Try it: Copy, word for word, the opening line of the data and each line after it until the line that contains "Tornozeleira Softcast 602-30", which is included. Leave the pictures out.

The data:

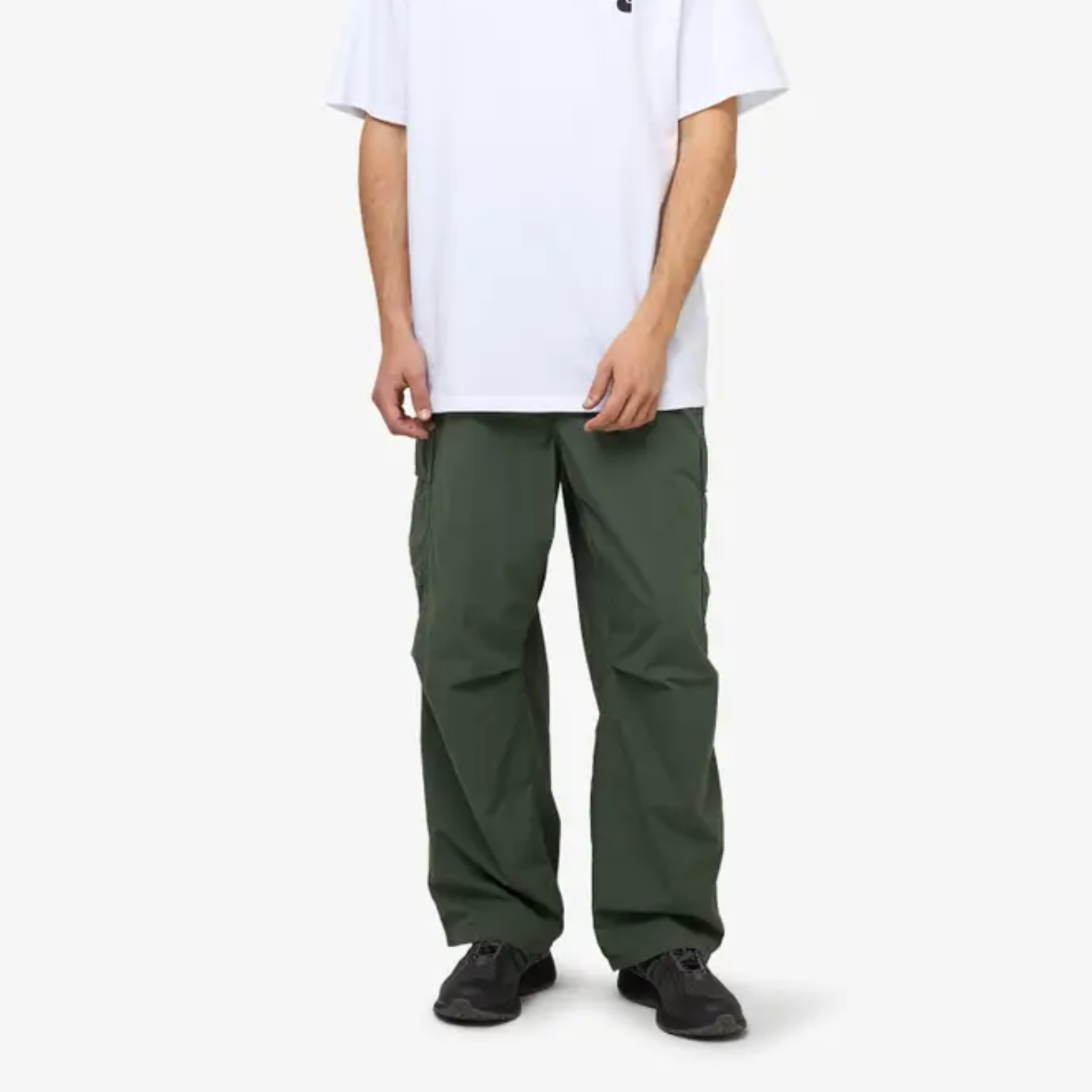 Pantalon Carhartt WIP Cole Cargo Opuntia Garment Dyed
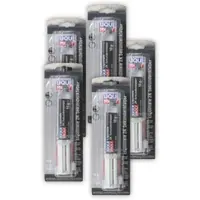 Liqui moly 5x Klebstoff 21262 Liquimate 2K Sekundenkleber 10g Instant Kleber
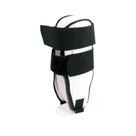 Tornozeleira Softcast 602-30 Esquerda Único Preta - Salvapé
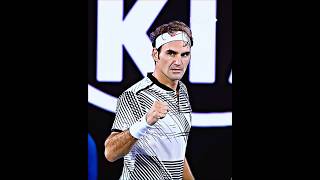 This Fedal point 🥹  federer nadal ao2017 atp tennis tennisfan tennisedit fy foryou 🎾 [upl. by Attenyt]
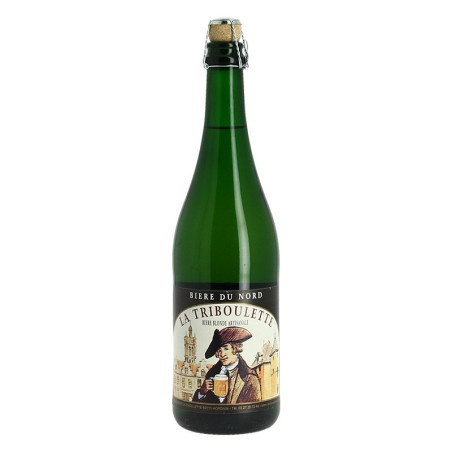 LA TRIBOULETTE 75CL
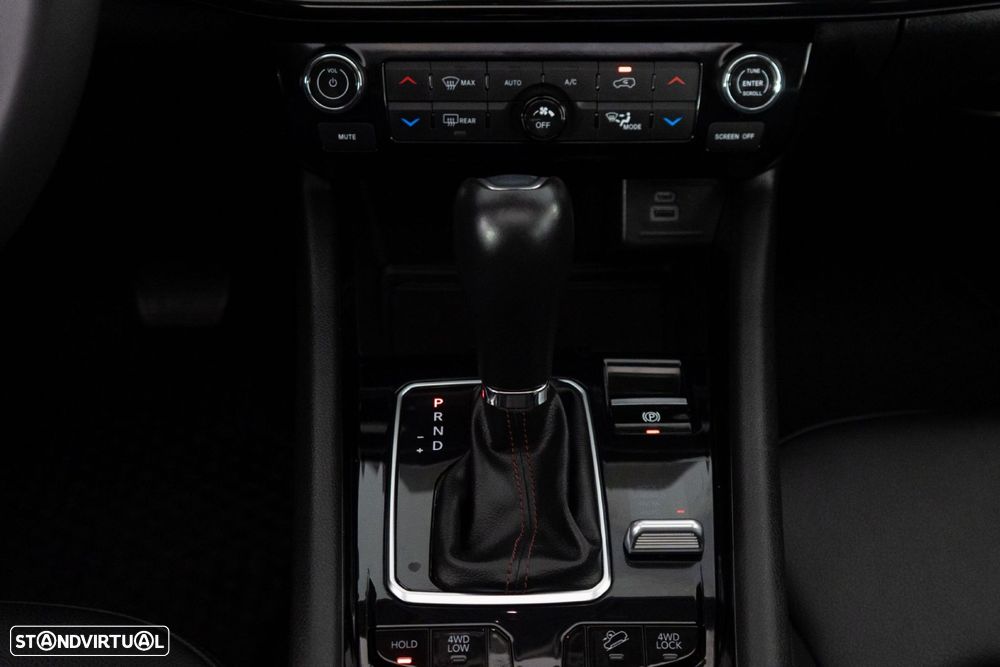Jeep Compass 1.3 TG Trailhawk - 29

Output below:
 Pantalon Carhartt WIP Cole Cargo Opuntia Garment Dyed
 Liqui moly 5x Klebstoff 21262 Liquimate 2K Sekundenkleber 10g Instant Kleber
 Tornozeleira Softcast 602-30 Esquerda Único Preta - Salvapé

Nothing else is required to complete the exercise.